Skills shortage hits IT industry

February 15, 2002

The information technology industry is suffering from a severe skills shortage despite massive increases in the number of IT and computer science graduates.

A survey by the Real Time Club, a group of 150 IT entrepreneurs, has found that the industry lacks strong leaders and people who can deliver results. British IT professionals scored lower on skills than their United States counterparts and were particularly poor at arithmetic and logic, a skill taught in the US but not in the United Kingdom.

According to University and College Admissions Service figures there has been an increase of 62 per cent in the number of acceptances on computing degree courses since 1996. At HND level there has been a 15 per cent rise.

Gillian Lovegrove, former chair of the Conference of Professors and Heads of Computing (CPHC), speaking at the "Build Britain's Brainpower" conference this week, recommended introducing joint teaching schemes between employers and universities.
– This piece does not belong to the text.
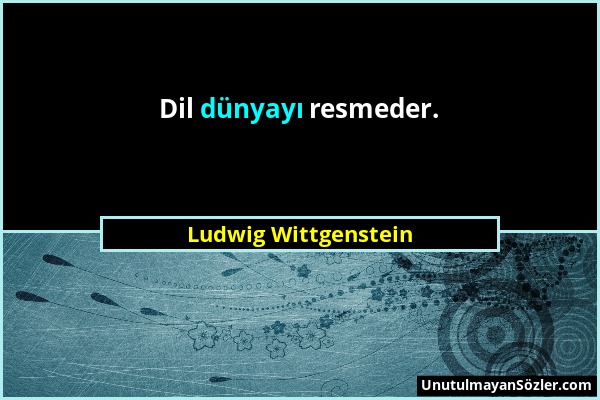 Ludwig Wittgenstein - Dil dünyayı resmeder....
But she warned that computing departments were already stretched to their limits, having increased student numbers before staffing was in place.
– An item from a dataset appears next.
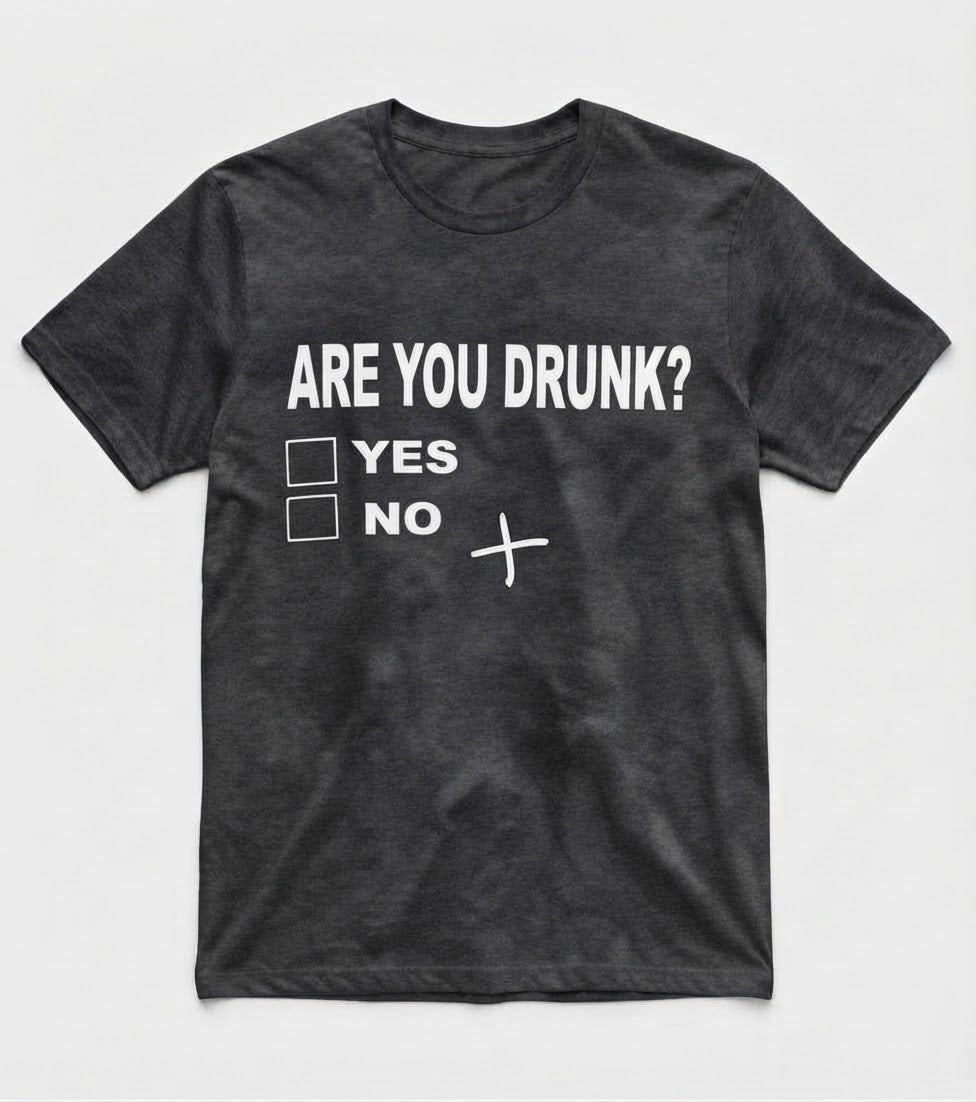 Graphic Tee- "Are You Drunk?"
She called on the government to restore scholarship support for masters-level conversion courses, which produce graduates with a wider range of skills.

A recent survey by the CPHC and the British Computer Society found that more than 90 university ITdepartments had jobs unfilled and 13 per cent of those had at least 20 per cent of their jobs unfilled. Staff-to-student ratios are significantly higher than the norm for all subjects - 30 per cent had staff-to-student ratios greater than 30.